Hard Conversations 2.0 – unpacking my colonized mind

It’s ironic that teachers in Ontario are in the midst of some hard conversations with the province and Ministry of Education around factors that influence our work, while many of us are spending an entire Saturday having hard conversations about equity in education; we are working on ourselves and finding ways to create equity for our BIPOC students. But, putting Provincial politics aside, I want to share what I learned from Hard Conversations 2.0 held at the University of Ottawa on Saturday, November 30, 2019.

I listened and participated in several discussions in a room of nearly 80 people, but the real lessons came from the unexpected. The real lessons came from the young voices. Students from our Board working on a Black Youth initiative gathered around a centre table, glancing briefly out to an adult audience of mostly White people, and they openly shared their lived experiences in classrooms, in Ottawa.  One metaphor lodged itself painfully in my heart.

A young Black girl was asked to describe her best and her worst experience in education. She shared the joy of finding herself through class dicussions, in literature and poetry that came from the voices of Black writers. And then she spoke softly of a White teacher reading aloud from a book by a White author. The book is well known and the book uses the “n” word. She said that he read the word out loud, to the whole class, without hesitation. She said, “He tossed the word in the wind as if no one died for that word.” That metaphor made a home in my heart.

The room was silent and I’m sure that her words struck all of the White-teacher’s hearts in the room collectively and in shared shame we all acknowledged a moment of complicitness, a recollection of reading the same book, using the same word.

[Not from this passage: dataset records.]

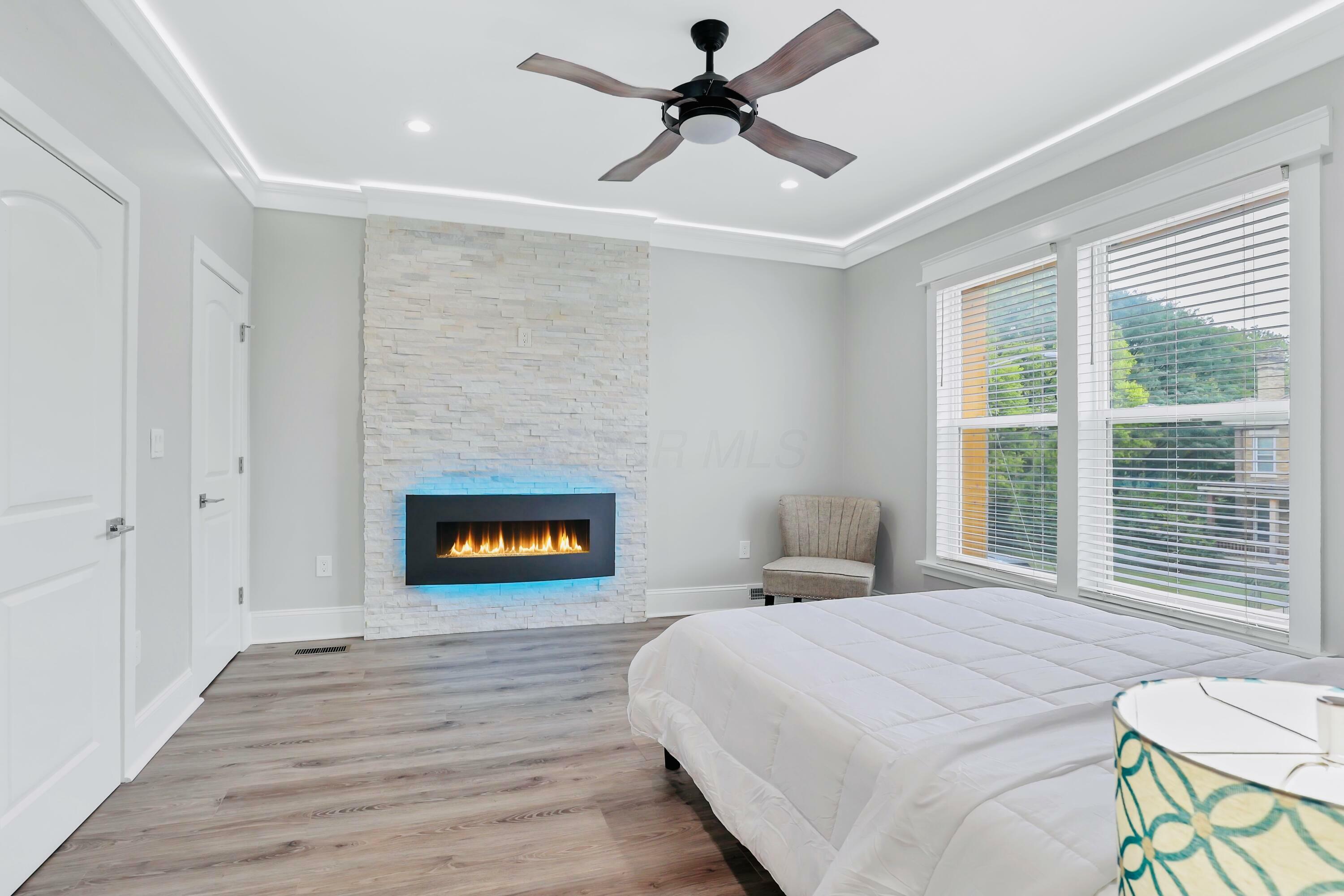 Property Photo: 571 Linwood Avenue OH 43205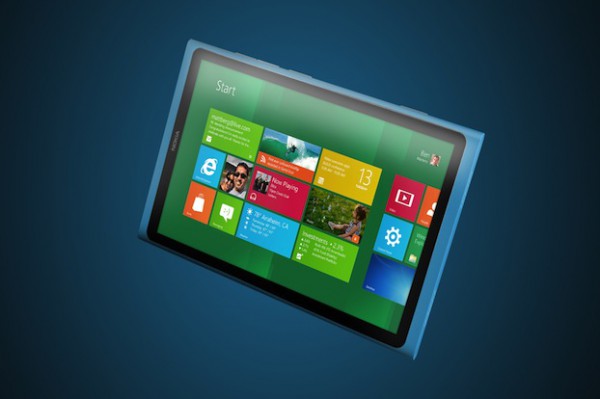 Нагадаємо, в жовтні 2013 Nokia показала нові телефони і планшет, що працює на Windows 8: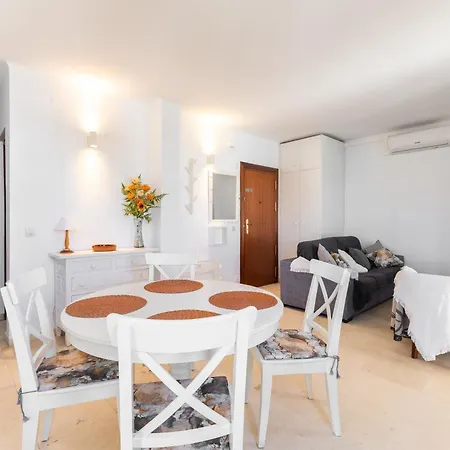 Capistrano Village, 2 Bedroom Διαμέρισμα Nerja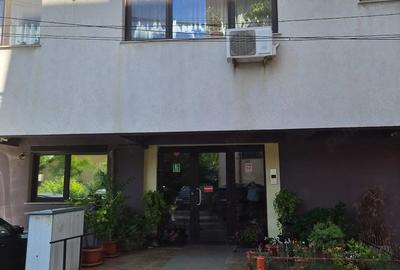Apartament cu 3 camere semidecomandat în Băneasa - 1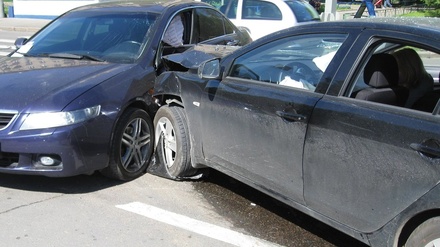 Инсульт за рулем: в Кстовском районе &laquo;Мерседес&raquo; протаранил автомобили на парковке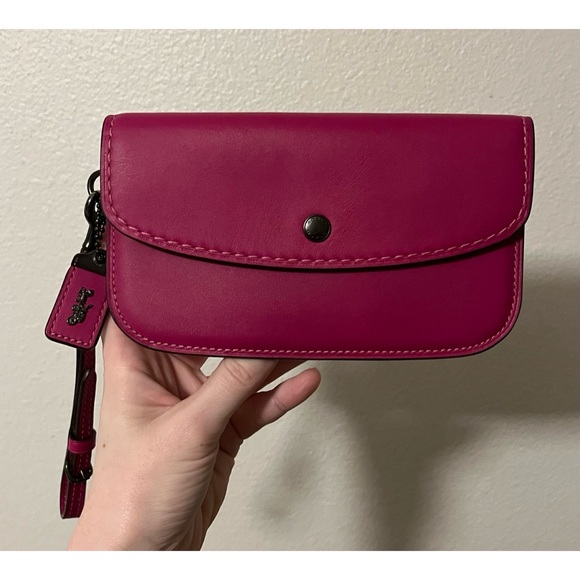 Coach 1941 Pink Wallet Wristlet! - Picture 1 of 8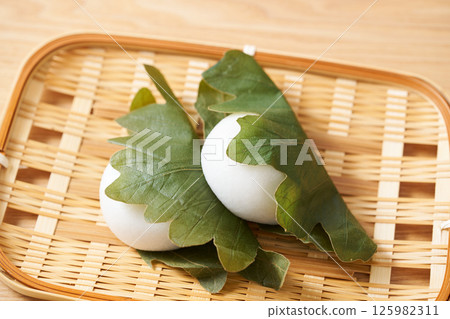 Kashiwamochi (Japanese rice cakes) served on a sieve 125982311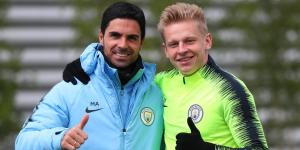 Oleksandr Zinchenko (R) posing for a photo alongside Arsenal manager Mikel Arteta (L).
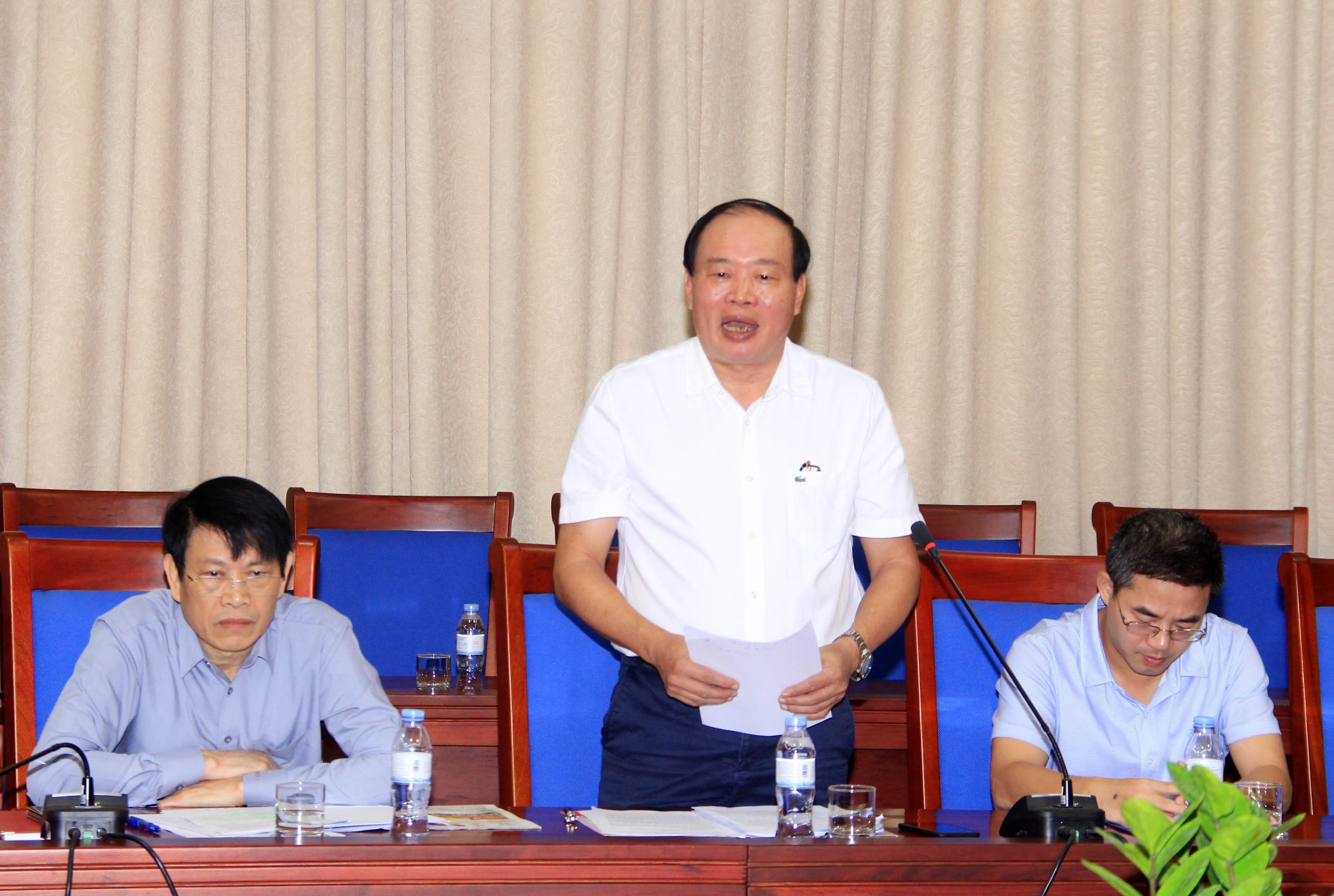 Ông Nguyễn Hồng Hải – Phó Cục trưởng Cục thuế tỉnh nêu lên tình trạng gian lận thuế tại các doanh nghiệp trên địa bàn đang rất lớn. Ảnh: Phạm Bằng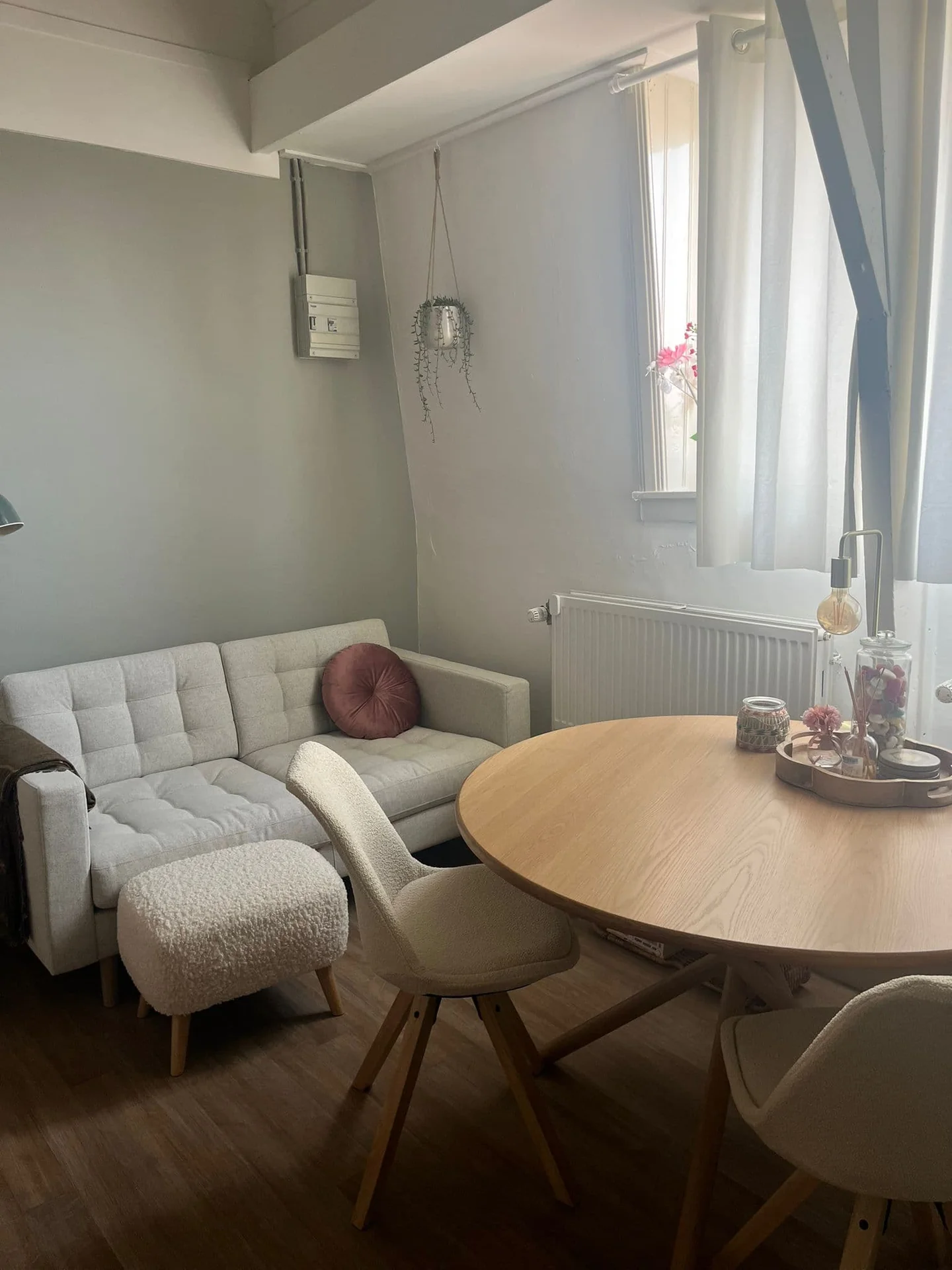 Foto van de Kamer gelegen aan de Dr. Nolensstraat in Tilburg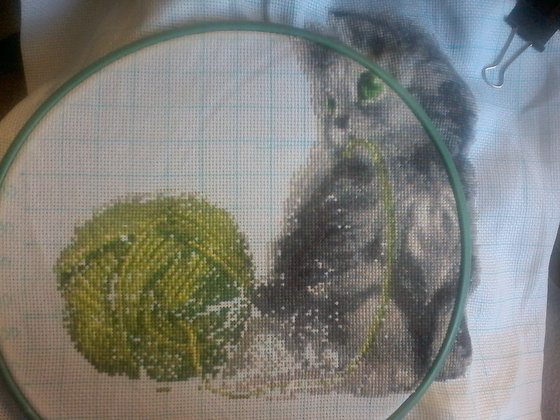 Этап процесса «"Котенок с клубком" схема 150х150 с нашего сайта»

No teacher enters the profession to harm. We do this work because we care, because we want to inspire, but without the knowledge of the injuries we inadvertently inflict using a colonized mind, using a colonized currciulum, using a colonized bookshelf, how can we teach with equity? How can we avoid the harm?

Dr Carl James from York University in Toronto reminded us that the written material in our classrooms has an authority. The written material that we choose matters. If we truly believe that our students matter, then we must work on ourselves and deconolonize the material and the authority in classroom.

At the end of the workshop, we were called to the centre of the room, called to share our committments to this work. My colleague, Michelle, stepped bravely forward and, despite being the youngest in the room, declared that she will continue to “call in” her colleagues and address systemic racism within the system. Our principal then takes the microphone and commits publically to supporting us. We are deeply moved.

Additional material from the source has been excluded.